Soon they had a band of at least twenty squirrels.

Fred and Ruth didn’t know how to survive in the wild, but they learned and learned.  They scouted in the human areas of the world.  A younger human was walking down the street staring into a cell phone.

Fred saw first, this was what he needed, access to Google.  Fred led the charge and soon enough they overtook the young human and bit him until the phone fell.

Their pointy teeth proved sharp enough to draw blood, and the young male left a trail of blood behind him as he fled.  Frank carried the phone back into the woods.

Poor kid likely got a beating for saying squirrels stole his cell phone.  But the amount of blood involved, it’s possible he collapsed before he made it home.

The virus spread and spread, and soon hundreds of squirrels traveled in a pack.  They were especially on the lookout for humans carrying groceries from cars into houses.

None suspected a giant mass of angry squirrels to attack.  Except the kid who lost the cell phone, he suspected.  Assuming he survived and hadn’t bled out.

A lot of the squirrels got into lifting rocks and other squirrels to add mass.  So now it’s hundreds of angry, hulked out squirrels who have access to the internet.

Luckily the battery died on the phone as they looked up a recipe to make gunpowder.

It was time to step up their game.

Six of the squirrels heaved a giant rock at a window to a human house.  They raided the pantry for nuts and snacks, mostly raisins and applesauce, a little trail mix.  Plus, a glorious charger for the phone they possessed.
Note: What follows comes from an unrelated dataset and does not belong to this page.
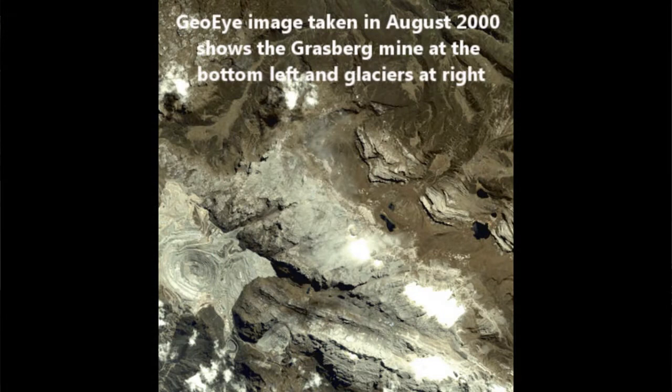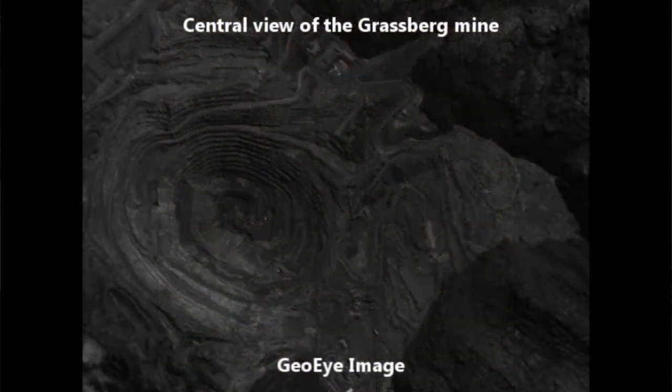In our Indonesian West Papuan case study, we were particularly interested in the development of the Grasberg copper and gold mine, one of the largest mines in the world, and its impact upon the local and indigenous Komoro and Amungme tribesmen.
Exterior power outlets existed on almost every house.  So soon enough they had the mighty Google again.

The virus they carried spread like pure wildfire.

With Fred at the lead, they killed their first human for food.  A little old lady, but they needed protein what with all the lifting they were addicted to.  It took hundreds of bites to finish her off, but humans were the oppressor.

Fred oversaw the process of making their first long rifle.  They skipped muskets in the evolutionary chain of gunpowder.  The projectiles were too tiny to make it very far against wind resistance.

So, they made the device bigger and bigger.  Only the hulkiest squirrels could fire one, but the projectile traveled straight and true.

After months of engineering and painstaking work, they essentially realized they’d produced a 380 auto, only in single shot.

Full scale war against the oppressive humans raged on almost every continent on Earth.  But it wasn’t just about the oppression, of which there were a million units, but squirrels found human flesh quite tasty once they’d tried it.